─── EXTRACTED DATA ───
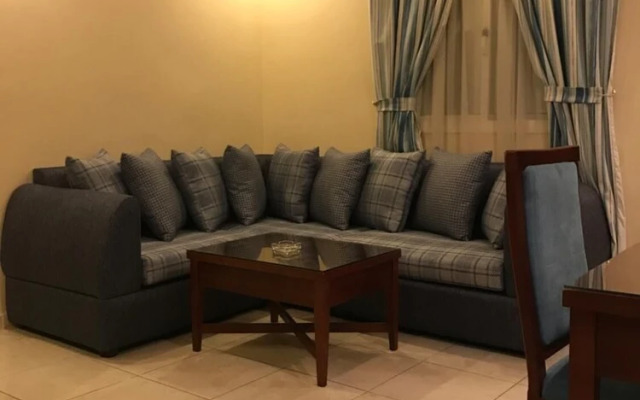 Ayoon Al-Mamlakah Hotel Suites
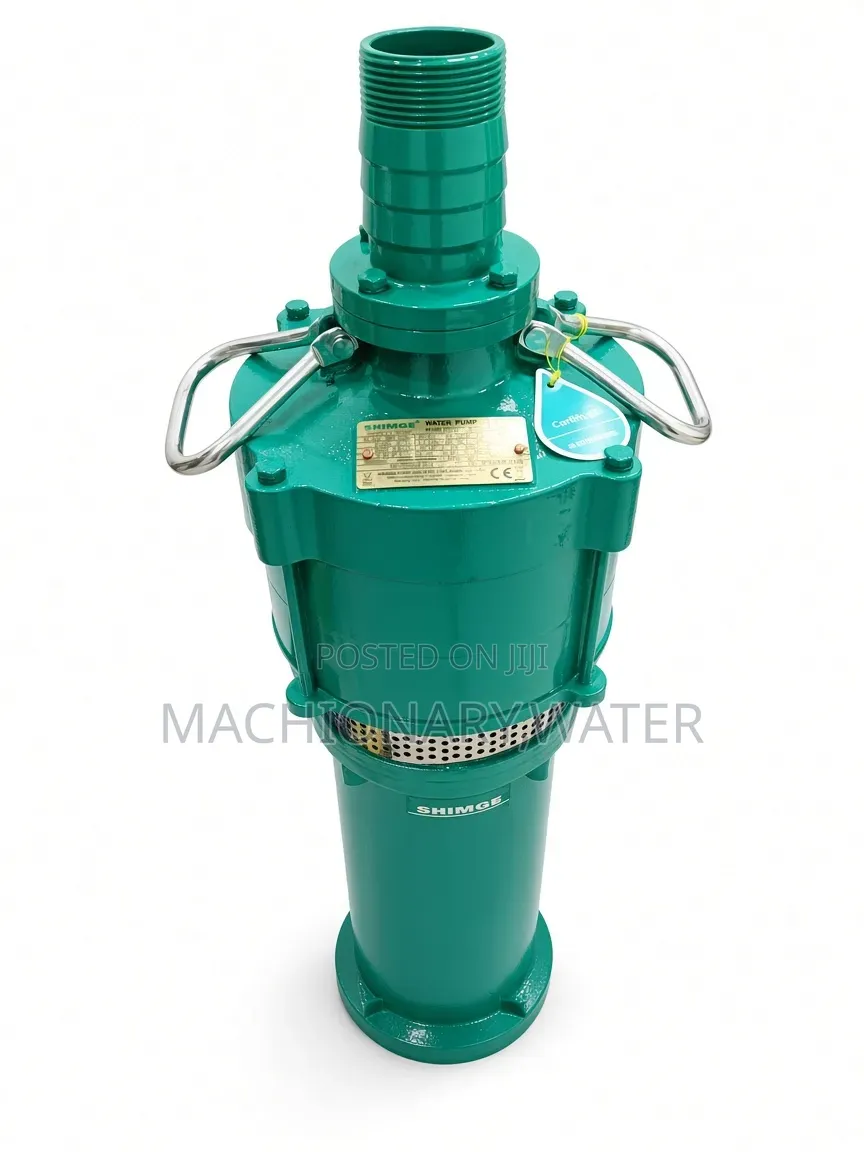 Shimge Water Pump 3hp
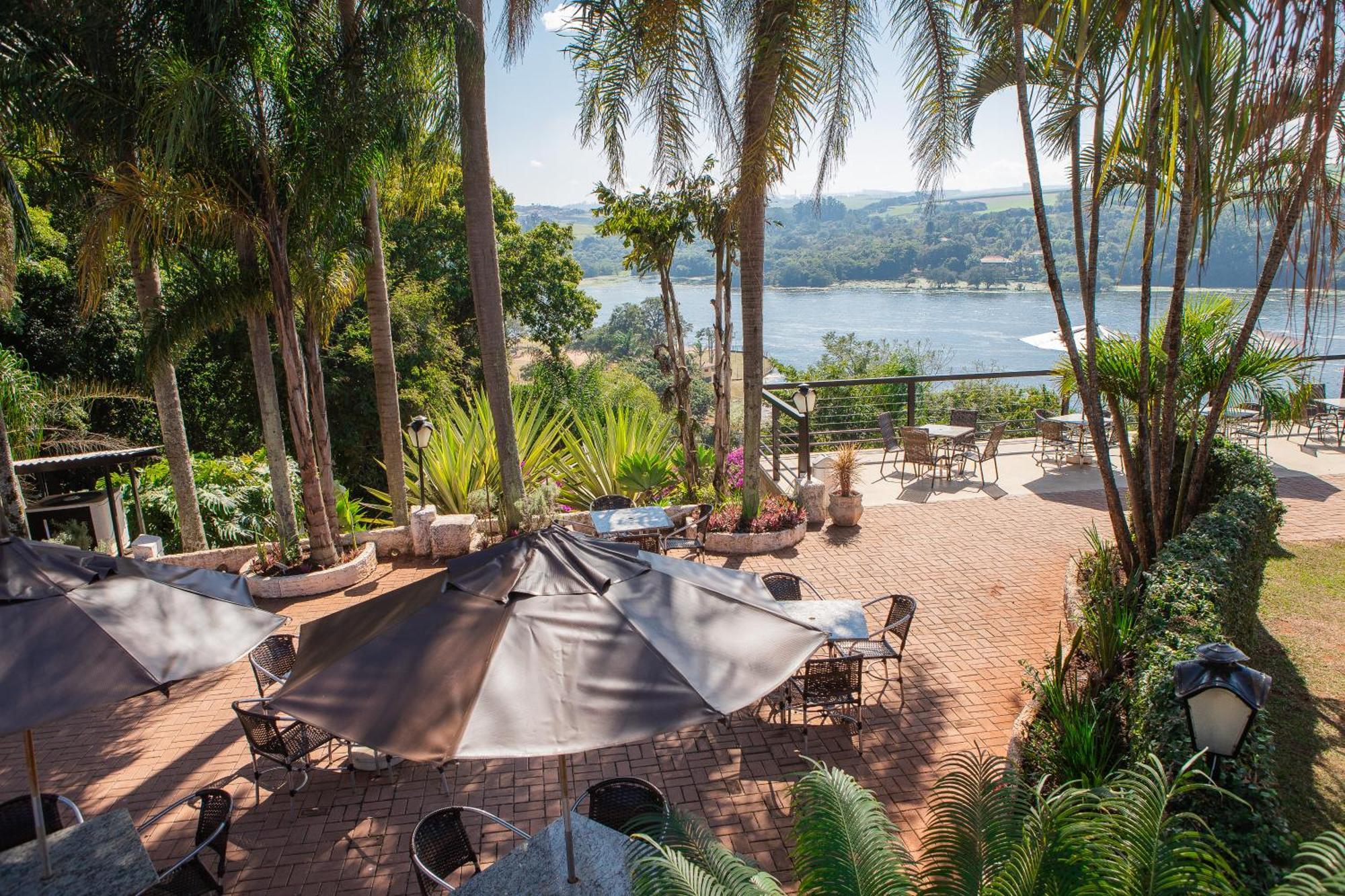 Panorama Park Hotel Igaracu do Tiete Экстерьер фото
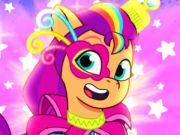 Joc Jigsaw Puzzle: Carnaval de Little Pony  en línia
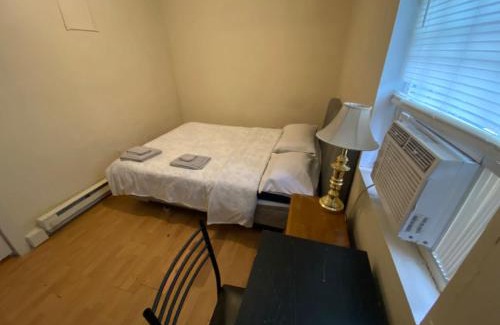 North Philadelphia West House | 2131 Private Double Room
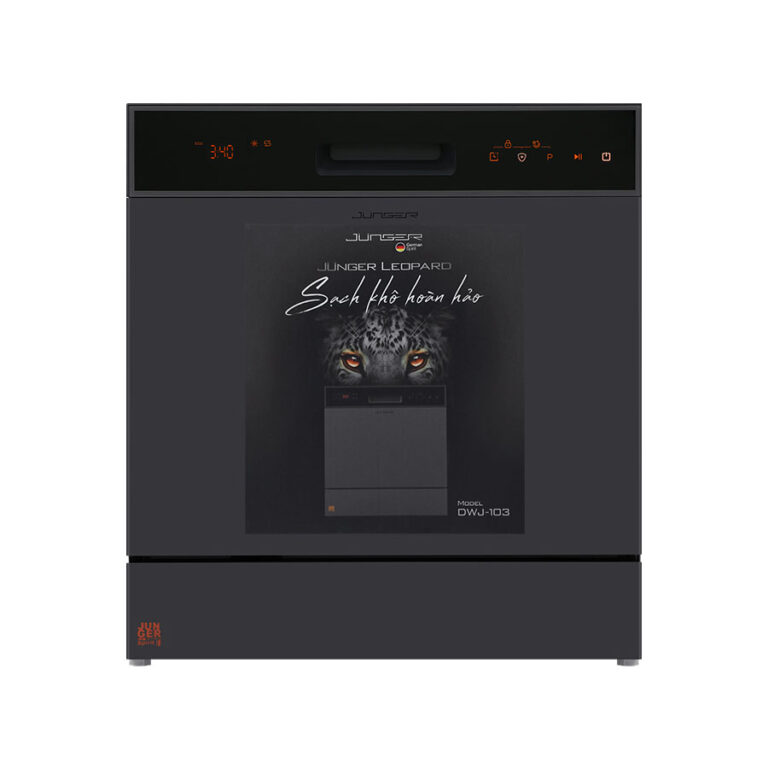 Máy rửa bát 10 bộ JUNGER DWJ-103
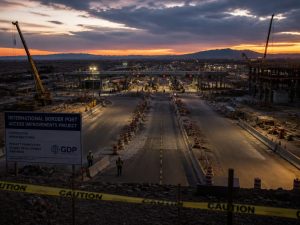 Treasury Sanctions Cartel-Tied Firm That Built Nuevo León-Texas Port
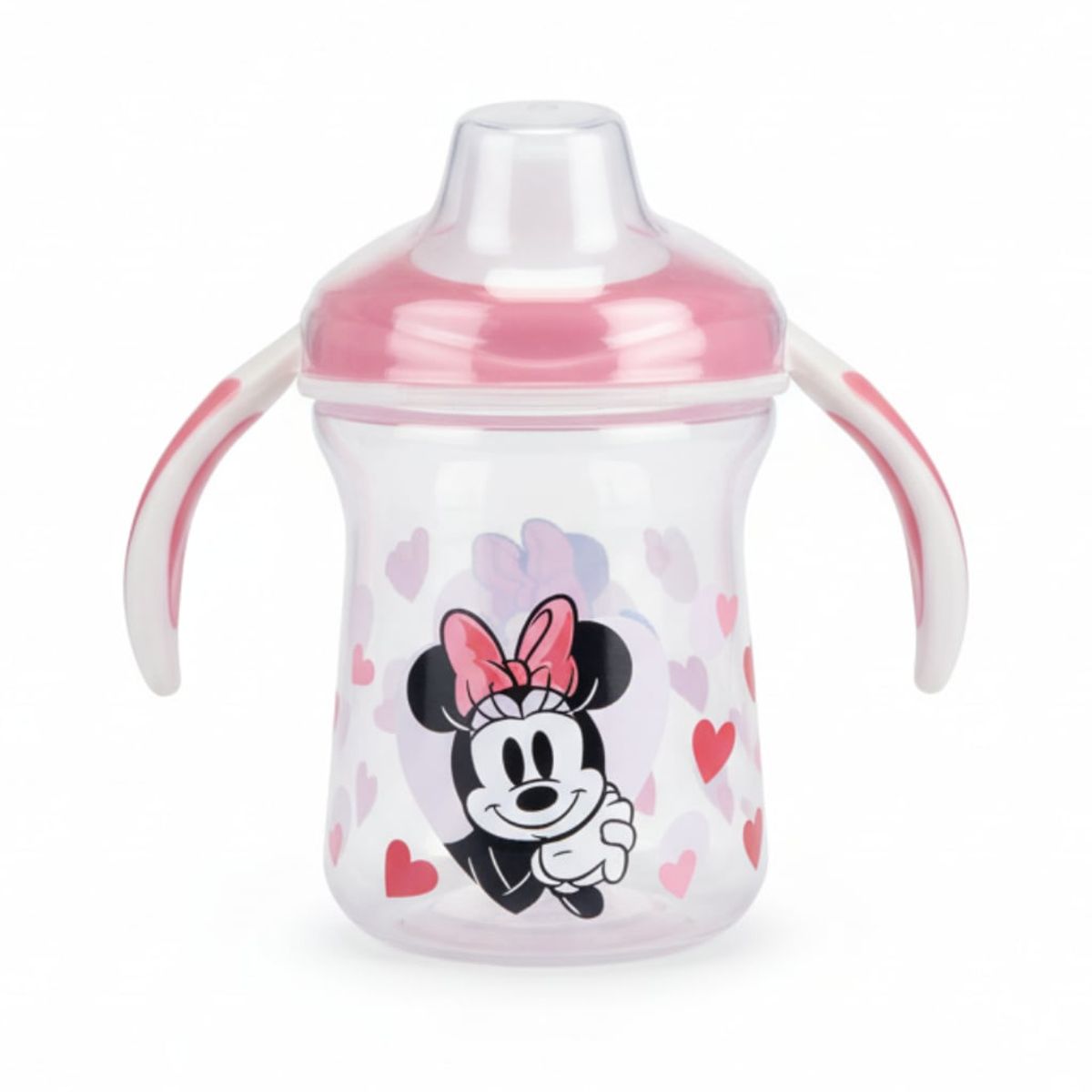 DISNEY - Vaso Antiderrame Flexialas 380ml DISNEY 10 M+ Minnie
───
◆ PROBLEM STATEMENT ◆
Without the pictures, give the entries above back exactly.

◆ ANSWER BELOW ◆
 Ayoon Al-Mamlakah Hotel Suites
 Shimge Water Pump 3hp
 Panorama Park Hotel Igaracu do Tiete Экстерьер фото
 Joc Jigsaw Puzzle: Carnaval de Little Pony  en línia
 North Philadelphia West House | 2131 Private Double Room
 Máy rửa bát 10 bộ JUNGER DWJ-103
 Treasury Sanctions Cartel-Tied Firm That Built Nuevo León-Texas Port
 DISNEY - Vaso Antiderrame Flexialas 380ml DISNEY 10 M+ Minnie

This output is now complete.